I came from an industry where the same players endlessly traded the same business back and forth.  It became a relationship game.   Assumptions were made about the motives of the buyer and the capabilities of the seller.   The RFP was a Request for Price.  However, in a complex sale, starting at price also presents certain issues.   

Did the sales person discover the needs and goals of the buyer?   Did they uncover the obstacles that stand in the way of those goals?  Did they build a solution around their own capabilities that would address those goals?   Did they establish value of their services? 
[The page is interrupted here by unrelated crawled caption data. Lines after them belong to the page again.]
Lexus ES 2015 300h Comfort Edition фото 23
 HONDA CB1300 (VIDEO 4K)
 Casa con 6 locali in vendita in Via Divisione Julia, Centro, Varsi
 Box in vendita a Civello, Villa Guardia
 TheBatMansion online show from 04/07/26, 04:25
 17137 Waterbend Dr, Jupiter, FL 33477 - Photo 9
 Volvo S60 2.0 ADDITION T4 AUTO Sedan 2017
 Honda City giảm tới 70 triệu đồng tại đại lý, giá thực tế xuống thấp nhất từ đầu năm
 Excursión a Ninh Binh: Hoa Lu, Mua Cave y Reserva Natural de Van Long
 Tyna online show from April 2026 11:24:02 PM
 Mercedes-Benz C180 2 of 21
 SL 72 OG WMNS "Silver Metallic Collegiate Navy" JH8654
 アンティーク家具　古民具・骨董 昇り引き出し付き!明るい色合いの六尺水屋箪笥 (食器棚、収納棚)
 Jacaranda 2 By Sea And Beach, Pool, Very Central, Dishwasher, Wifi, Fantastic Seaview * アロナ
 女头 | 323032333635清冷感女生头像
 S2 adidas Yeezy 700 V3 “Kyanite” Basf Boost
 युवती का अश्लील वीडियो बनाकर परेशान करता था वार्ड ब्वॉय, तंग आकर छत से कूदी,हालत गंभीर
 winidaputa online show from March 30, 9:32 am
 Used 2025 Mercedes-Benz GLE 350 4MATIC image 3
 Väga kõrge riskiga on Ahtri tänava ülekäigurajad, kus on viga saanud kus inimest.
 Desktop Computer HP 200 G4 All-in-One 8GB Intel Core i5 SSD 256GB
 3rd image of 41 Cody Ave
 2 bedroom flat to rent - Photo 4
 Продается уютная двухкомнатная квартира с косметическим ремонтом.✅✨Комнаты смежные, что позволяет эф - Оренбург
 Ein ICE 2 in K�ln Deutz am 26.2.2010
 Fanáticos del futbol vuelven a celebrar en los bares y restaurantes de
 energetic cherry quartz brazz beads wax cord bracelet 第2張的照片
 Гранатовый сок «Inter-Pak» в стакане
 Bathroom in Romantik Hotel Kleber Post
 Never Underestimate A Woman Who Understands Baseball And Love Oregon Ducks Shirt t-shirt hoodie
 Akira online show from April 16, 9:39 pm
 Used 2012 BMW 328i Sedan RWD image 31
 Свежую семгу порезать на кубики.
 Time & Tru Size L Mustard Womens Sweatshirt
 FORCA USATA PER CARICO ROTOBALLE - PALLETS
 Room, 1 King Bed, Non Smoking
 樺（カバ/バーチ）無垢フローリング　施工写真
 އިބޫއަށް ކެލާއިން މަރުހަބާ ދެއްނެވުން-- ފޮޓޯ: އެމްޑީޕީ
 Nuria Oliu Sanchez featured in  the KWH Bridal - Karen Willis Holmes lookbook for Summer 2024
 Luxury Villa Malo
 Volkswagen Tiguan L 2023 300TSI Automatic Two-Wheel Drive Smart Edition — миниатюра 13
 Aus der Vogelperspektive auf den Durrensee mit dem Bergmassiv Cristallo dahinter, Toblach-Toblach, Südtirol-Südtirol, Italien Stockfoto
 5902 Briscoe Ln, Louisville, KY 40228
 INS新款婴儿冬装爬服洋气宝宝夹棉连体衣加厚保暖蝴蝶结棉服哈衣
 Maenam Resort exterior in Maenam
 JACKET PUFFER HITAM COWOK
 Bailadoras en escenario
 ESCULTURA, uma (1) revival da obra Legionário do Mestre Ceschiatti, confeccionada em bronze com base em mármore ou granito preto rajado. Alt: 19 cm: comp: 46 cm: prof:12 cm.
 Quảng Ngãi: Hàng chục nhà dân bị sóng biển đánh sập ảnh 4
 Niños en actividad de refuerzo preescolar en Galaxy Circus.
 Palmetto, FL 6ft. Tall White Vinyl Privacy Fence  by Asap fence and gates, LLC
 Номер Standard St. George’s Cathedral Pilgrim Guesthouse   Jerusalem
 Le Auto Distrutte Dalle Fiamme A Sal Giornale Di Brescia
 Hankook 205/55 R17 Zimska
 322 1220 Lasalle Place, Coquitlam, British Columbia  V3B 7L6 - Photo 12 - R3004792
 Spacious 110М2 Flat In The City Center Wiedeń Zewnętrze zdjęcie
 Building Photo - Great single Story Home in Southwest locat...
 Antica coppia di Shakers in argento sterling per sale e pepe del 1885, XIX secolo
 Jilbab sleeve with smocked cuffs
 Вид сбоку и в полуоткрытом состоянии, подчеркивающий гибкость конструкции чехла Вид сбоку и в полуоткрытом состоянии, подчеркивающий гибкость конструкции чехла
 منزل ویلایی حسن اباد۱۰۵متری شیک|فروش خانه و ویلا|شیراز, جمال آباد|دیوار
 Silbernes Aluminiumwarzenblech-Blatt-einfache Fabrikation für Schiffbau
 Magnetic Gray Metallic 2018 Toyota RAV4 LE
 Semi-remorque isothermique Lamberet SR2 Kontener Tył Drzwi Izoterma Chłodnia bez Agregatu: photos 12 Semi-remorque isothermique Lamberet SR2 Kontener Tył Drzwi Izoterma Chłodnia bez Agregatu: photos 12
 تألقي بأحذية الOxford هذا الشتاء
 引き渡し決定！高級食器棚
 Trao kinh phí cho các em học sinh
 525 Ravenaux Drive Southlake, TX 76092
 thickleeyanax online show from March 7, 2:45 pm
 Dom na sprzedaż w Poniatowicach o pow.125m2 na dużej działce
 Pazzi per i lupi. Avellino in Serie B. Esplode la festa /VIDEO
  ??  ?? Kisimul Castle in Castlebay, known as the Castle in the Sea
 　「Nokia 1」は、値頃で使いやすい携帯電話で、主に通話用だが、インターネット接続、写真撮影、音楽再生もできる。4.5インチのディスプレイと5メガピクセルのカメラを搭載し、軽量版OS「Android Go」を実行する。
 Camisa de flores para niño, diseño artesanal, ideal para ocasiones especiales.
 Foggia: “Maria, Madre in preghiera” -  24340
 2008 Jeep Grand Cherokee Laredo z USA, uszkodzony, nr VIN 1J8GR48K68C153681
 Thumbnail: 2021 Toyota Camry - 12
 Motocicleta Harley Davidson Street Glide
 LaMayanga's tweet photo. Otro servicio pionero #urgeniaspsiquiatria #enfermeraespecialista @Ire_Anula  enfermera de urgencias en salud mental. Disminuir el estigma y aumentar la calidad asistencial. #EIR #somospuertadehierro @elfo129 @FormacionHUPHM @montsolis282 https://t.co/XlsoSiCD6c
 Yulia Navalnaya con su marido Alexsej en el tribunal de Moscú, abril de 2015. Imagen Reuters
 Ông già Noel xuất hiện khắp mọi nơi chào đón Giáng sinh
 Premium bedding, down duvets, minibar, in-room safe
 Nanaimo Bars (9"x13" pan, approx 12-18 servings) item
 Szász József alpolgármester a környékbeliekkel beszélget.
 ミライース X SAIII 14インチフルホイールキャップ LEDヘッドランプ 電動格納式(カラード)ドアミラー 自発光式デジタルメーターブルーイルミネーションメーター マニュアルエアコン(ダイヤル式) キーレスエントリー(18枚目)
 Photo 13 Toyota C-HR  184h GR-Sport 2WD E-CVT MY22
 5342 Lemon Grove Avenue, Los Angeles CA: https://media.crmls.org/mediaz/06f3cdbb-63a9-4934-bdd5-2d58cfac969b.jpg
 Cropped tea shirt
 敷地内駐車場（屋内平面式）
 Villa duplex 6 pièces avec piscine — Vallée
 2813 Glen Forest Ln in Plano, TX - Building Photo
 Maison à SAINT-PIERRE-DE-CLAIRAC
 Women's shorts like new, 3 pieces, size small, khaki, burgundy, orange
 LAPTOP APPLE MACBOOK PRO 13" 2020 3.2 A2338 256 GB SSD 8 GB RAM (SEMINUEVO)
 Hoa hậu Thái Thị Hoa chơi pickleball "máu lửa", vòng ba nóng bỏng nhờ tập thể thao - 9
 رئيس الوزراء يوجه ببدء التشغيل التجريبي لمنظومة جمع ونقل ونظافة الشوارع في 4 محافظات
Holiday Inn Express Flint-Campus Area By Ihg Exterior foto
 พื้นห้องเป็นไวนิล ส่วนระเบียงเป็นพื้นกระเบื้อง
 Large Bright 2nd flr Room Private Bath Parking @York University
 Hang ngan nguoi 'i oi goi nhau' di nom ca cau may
When sales and distribution teams start with price and forego discovery, many things can go askew in the deal:

  • Wrong services are presented and included in the price.
  • Services actually needed are not presented nor included in the price.
  • All services get included and inflate the price.
  • Buying and decision-making process not understood by the seller.
  • Negotiating process becomes cumbersome and at times adversarial. 
  • Value of services is never established. 

In the end, the seller has to negotiate away dollars rather than value or services.  This leads to margin erosion from the first year of the deal.   Regardless of industry, renewals never seem to outpace inflation and adverse market conditions. 

It is critical that even the most seasoned of sales professionals receives periodic coaching and training on the entire sales process.  We provide content and curriculum based around existing sales process that will enable distribution teams to develop the skills necessary to establish and present solutions with value.  

“What happens if we train them and they leave; what happens if we don’t and they stay?”  We have all heard that one before and it is just as true today as it was when it was first uttered.  

Many organizations believe that if they hire someone with experience they won’t require much coaching or training.  It is especially true in sales.   Few organizations have in house training and even fewer provide training exclusively for the sales team.  Therefore, in many cases, coaching is left to the sales manager. 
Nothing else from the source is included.